The key insight of this work is that pooling is a fixed, non-learnable operation, while a strided convolution is a learnable downsampling operation. By replacing pooling with strided convolution, the network gains additional trainable parameters that allow it to learn the optimal way to reduce spatial dimensions for the task at hand. The authors reported that "when pooling is replaced by an additional convolution layer with stride r=2 performance stabilizes and even improves on the base model." [1] Their all-convolutional network reached a test error of 9.08% on CIFAR-10 without data augmentation and 7.25% with augmentation, 33.71% on CIFAR-100, and a top-1 validation error of 41.2% on ImageNet. [1]

This approach has been widely adopted. Many modern architectures, including [ResNet](/wiki/resnet) [4], [DenseNet](/wiki/densenet), and [ConvNeXt](/wiki/convnext), use strided convolutions for [downsampling](/wiki/downsampling) rather than pooling layers. ConvNeXt, for example, replaces the classic ResNet stem (a 7x7 convolution with stride 2 followed by max pooling, a 4x downsampling) with a single non-overlapping 4x4 convolution with stride 4, a "patchify" stem borrowed from [Vision Transformers](/wiki/vision_transformer); this change nudged ImageNet top-1 accuracy from 79.4% to 79.5% in the authors' modernization study. [11]

| Approach | Type | Learnable | Parameters | Typical Use |
|----------|------|-----------|------------|-------------|
| Max pooling (stride 2) | Fixed operation | No | 0 | Classical architectures (VGG, AlexNet) |
| Average pooling (stride 2) | Fixed operation | No | 0 | Transition layers, global pooling |
| Strided convolution (stride 2) | Learned operation | Yes | K x K x C_in x C_out | Modern architectures (ResNet, ConvNeXt) |

## How does stride behave in transposed convolutions?

[Transposed convolutions](/wiki/transposed_convolution) (also called fractionally strided convolutions or sometimes incorrectly called deconvolutions) use stride in the opposite manner compared to standard convolutions. While stride greater than 1 in a standard convolution reduces spatial dimensions, stride greater than 1 in a transposed convolution increases spatial dimensions, performing upsampling. [3]
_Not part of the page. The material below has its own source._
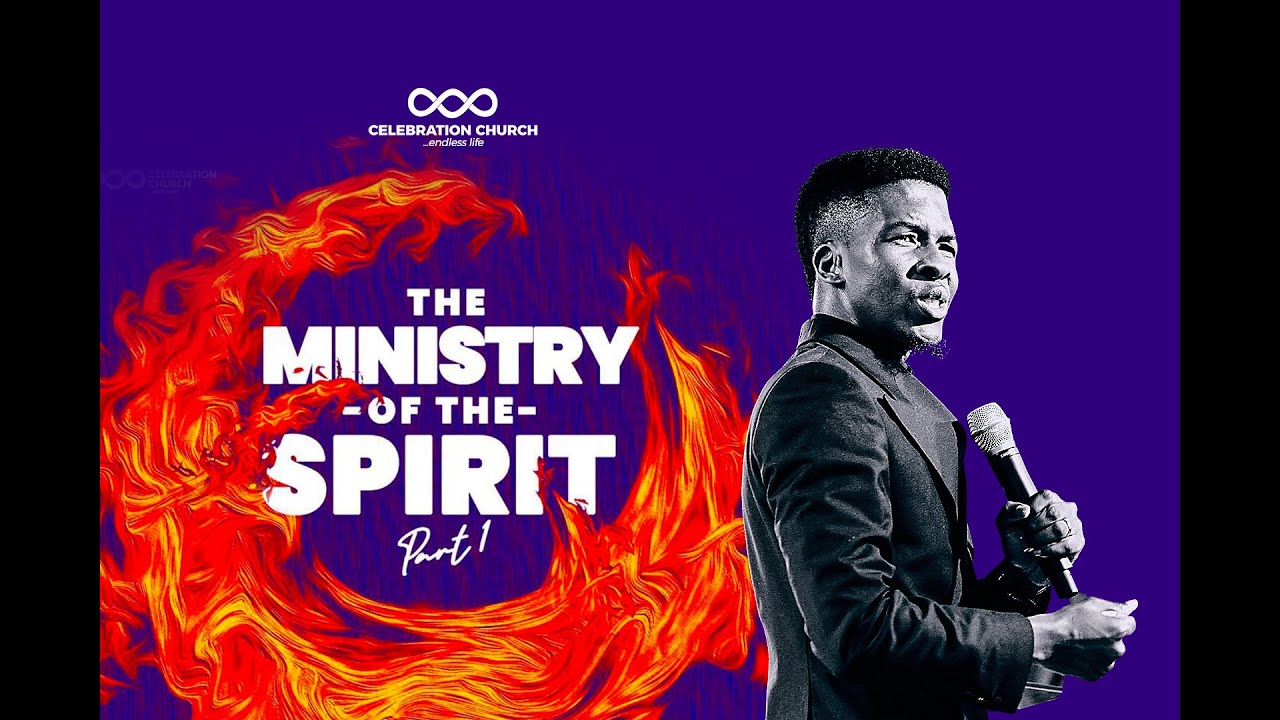 THE MINISTRY OF THE SPIRIT| 6TH MARCH| Celebration Church International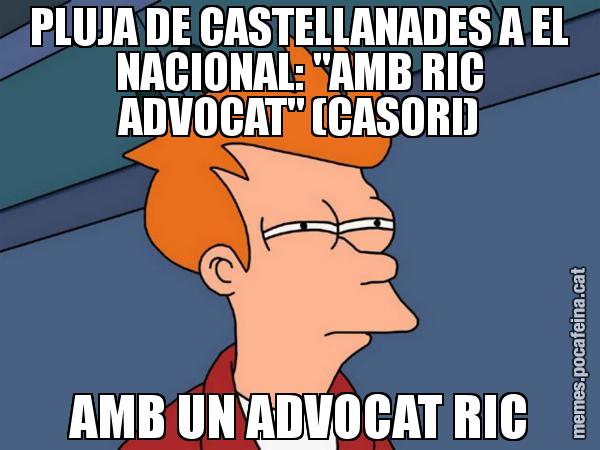PLUJA DE CASTELLANADES A EL NACIONAL: "AMB RIC ADVOCAT" (CASORI) AMB UN ADVOCAT RIC - Futurama Fry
In a transposed convolution, the stride parameter controls how much spacing is inserted between input elements before the convolution is applied. A stride of 2 effectively doubles the spatial dimensions of the output. This is why the operation is also called "fractionally strided convolution": a stride of 2 over the output is equivalent to a stride of 1/2 over the input. [3]

Transposed convolutions with stride 2 are widely used in:

- **Semantic segmentation** networks such as [FCN](/wiki/fcn) and [U-Net](/wiki/unet), which upsample feature maps back to the original input resolution for pixel-wise classification. [8]
- **[Generative adversarial networks](/wiki/generative_adversarial_network)** (GANs), where the generator transforms low-dimensional [latent vectors](/wiki/latent_space) into high-resolution images through a series of upsampling layers.
- **Super-resolution** models that increase the spatial resolution of images.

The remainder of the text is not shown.